Last week learned 7-Eleven has apparently “won” the hearts of 8 million New Yorkers by outfitting 4 of their 37 Manhattan locations with KeyMe kiosks. If you’re like us, you’re probably wondering WTF is KeyMe?
KeyMe is an 18-month old tech startup based in Long Island City that lets people get keys copied at one of their convenient kiosks. People can also use the handy KeyMe app to get copies of keys mailed to them. According to the KeyMe website, all one needs to do to obtain a copy of a key is simply remove it from its key ring and photograph both sides of the key against a white sheet of paper and upload. Yes, they are implying that their service is safe because the key has to be removed from the ring before being photographed and uploaded. Somewhere, the writers of Criminal Minds are salivating.
We’ll save the editorial on local laws catching up with disruptive technologies like KeyMe and Airbnb for another post, but this is a perfect example of 7-Eleven missing the mark on trying to integrate themselves into the neighborhood. Once again, 7-Eleven is offering a service we already have at our existing local home and hardware stores.
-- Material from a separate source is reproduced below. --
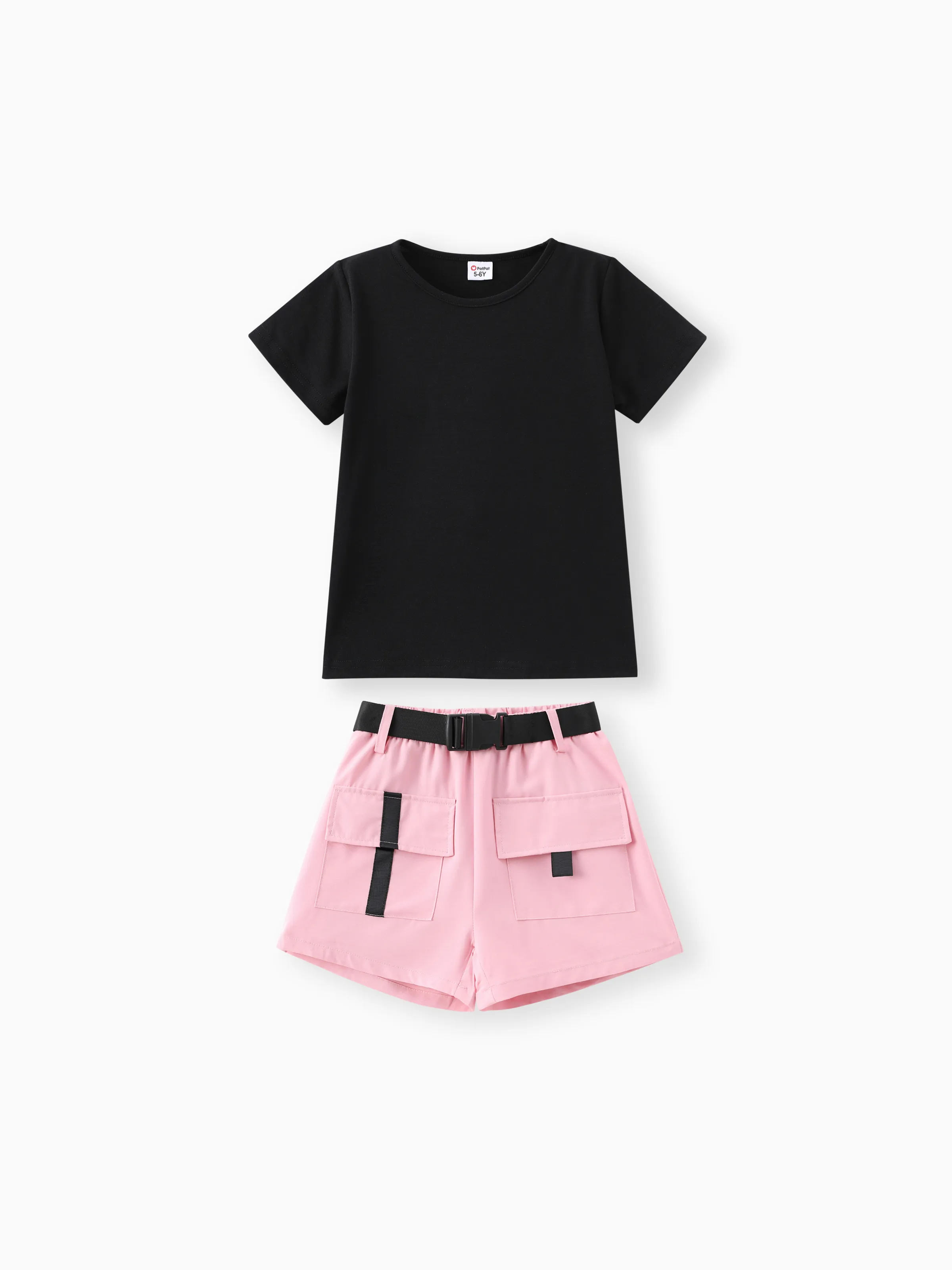 2pcs Kid Girl Short-sleeve Tee and Pocket Design Belted Shorts Set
With the recent news of Target, Neiman Marcus, Microsoft, Skype and Snapchat all being hacked, why on earth would anyone trust their credit card information, home address and a digital copy of their apartment key to a startup company whose idea of bullet-proof security is a white sheet of paper?
Really 7-Eleven? You have unlimited research resources available to you and the best you can come up with is “I bet those New Yorkers will warm up to us if we let them copy keys with KeyMe kiosks?”
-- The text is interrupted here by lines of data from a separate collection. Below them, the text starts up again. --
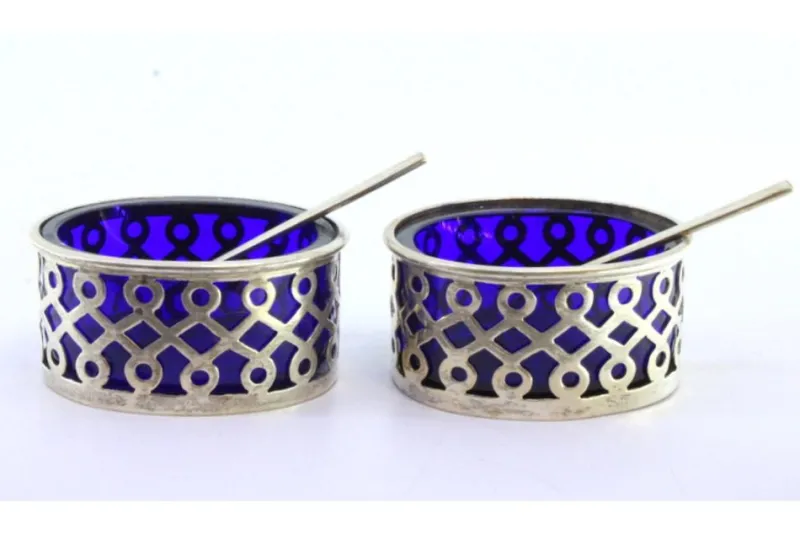 Pamono Cut Silver and Blue Glass Salt Shakers, Set of 2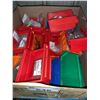 Image 2 : BOX OF ASSORTED PLASTIC PARTS BINS WITH SMALL GENUINE SUBARU PARTS, HARDWARE, PLUGS & GASKETS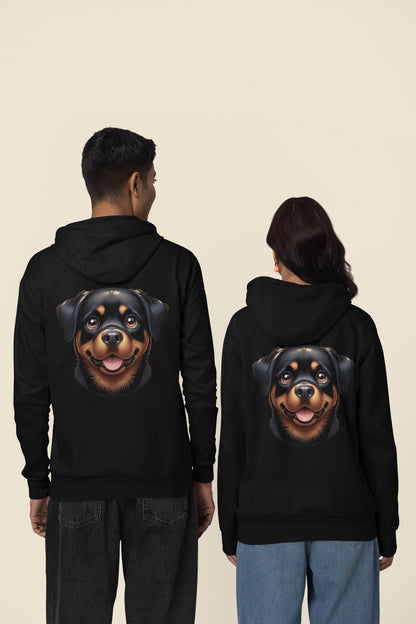 Rottweiler Cartoon Back Print Hoodie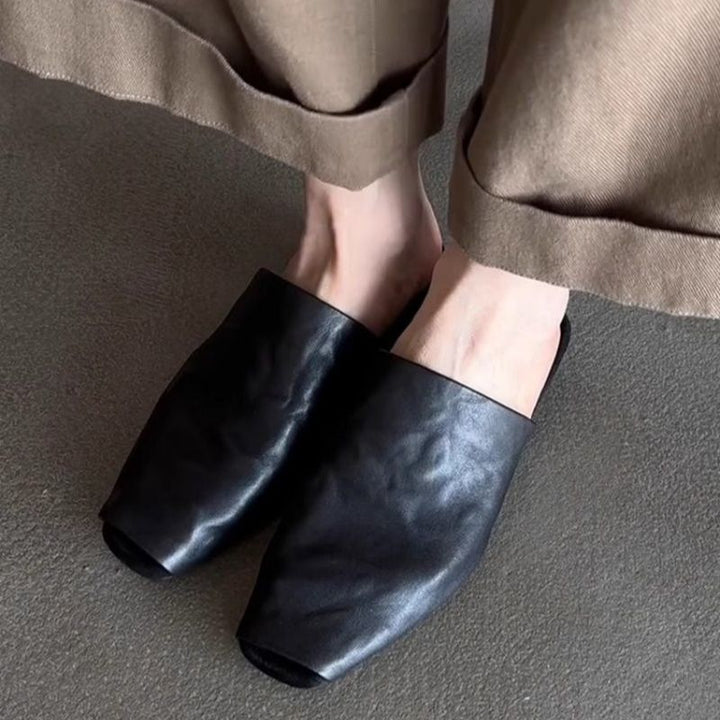 Damen Geschlossene Mule-Slipper aus softem Leder mit quadratischer Kappe Drune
Once again, this is less about what the neighborhood wants or needs and more about 7-Eleven remaining competitive in their market with irrelevant bells and whistles. It didn’t work for Blockbuster when they turned their stores into bargain bazaars of movie related junk instead offering the streaming services people really wanted. It didn’t work for Blackberry when they ignored their customers requests for a touchscreen. Likewise, offering a key copying service won’t save 7-Eleven in NYC.
Oh, and of the 37 Manhattan locations, there are a mere four 7-Elevens that have the KeyMe kiosks yet the trade rags like THE ASSOCIATION FOR CONVENIENCE & FUEL RETAILING are claiming 7-Eleven has already won over New York City with their presumptuous article NEW YORK 7-ELEVEN STORES WIN SUPPORT WITH AMENITIES.
The bodegas – 7-Eleven’s main competition – work because they serve as conveniently located mini grocery stores. 7-Eleven mostly sells products that can be easily purchased at any of the other chain stores we’re inundated with like CVS, Duane Reade and Walgreens. 7-Eleven brings nothing new to the table and serves no purpose in the neighborhood. Trying to be a hardware store isn’t the answer. 7-Eleven, please go back to the highways and interstates where your business model makes sense and leave us be.